AI excels at discovering data patterns that humans cannot perceive. This is quickly scalable based on the amount of the dataset. To make data analytics frictionless, machine learning algorithms can also adapt to data pipeline input and human behaviour patterns. This can be accomplished by utilising natural language processing to recode communications between individuals within an organisation so that algorithms can comprehend and act on them.

Artificial intelligence and machine learning have become the “next big thing” in the government sector, while advanced analytics, also known as predictive data analytics, utilises autonomous or semi-autonomous algorithms to evaluate enormous datasets and generate predictions based on information patterns.

By developing deeper insights into company data more quickly, data analysts can provide better service to clients, which can result in more profound transformations. Consider the application of AI and machine learning to the data handling process. After unique data has been collected, analysed and consolidated into a single view, analytics tools assist data analysts in identifying areas for business development.
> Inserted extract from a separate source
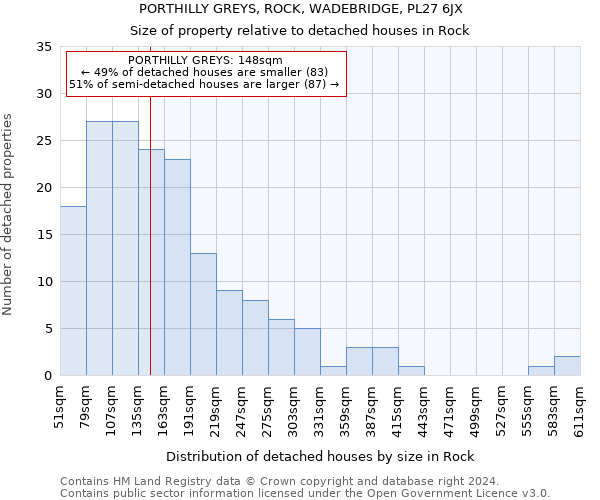 PORTHILLY GREYS, ROCK, WADEBRIDGE, PL27 6JX: Size of property relative to detached houses in Rock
Smart solutions enable advances that are self-sustaining and AI and ML are at the heart of these. Executives and practitioners agree that AI and ML are catalysts and drivers across both the public and private sectors. As an AI system has a deeper understanding of data platforms and processes, it can continue to enhance its efficacy and capacity to provide personalised insights from massive data silos.

Conclusion

In closing, Chris shared that Databricks was established in 2013 to assist data teams in resolving the most challenging issues facing the globe, and they have been investing in the Asia Pacific region to help this objective forward. “While there are countless possibilities, there are several challenges as well.”

It is insufficient to merely fund and use AI technologies. Businesses and organisations need a talent pool of experts that can use these AI tools in a way that can guarantee the greatest outcomes.

Currently, customers from a wide spectrum of businesses are collaborating with Databricks to tailor their clients’ experiences to improve their capacity to react to market dynamics and safeguard both their own and all stakeholders’ interests. This is most evident in real-time for financial services organisations to help deal with fraud.

“My particular favourite is Databricks’ assistance in Mitsubishi Tanabe’s efforts to quicken drug clinical trials in Japan. The possibilities for our collaboration are virtually endless,” Chris reflects.

Mohit recognises that digital transformation is vital in today’s VUCA environment. What is essential is that industry and government collaborate and work together. For long-term success and sustainability, there have to be partnerships between the public and private sectors.

Strategic alliances gave businesses and government agencies a competitive edge. Partnerships are mutually beneficial, helping each other grow and get better. When people genuinely try to help each other, “it can help to get over certain weaknesses and be first movers in their field.”

Spread the love

Leave a Reply

Your email address will not be published.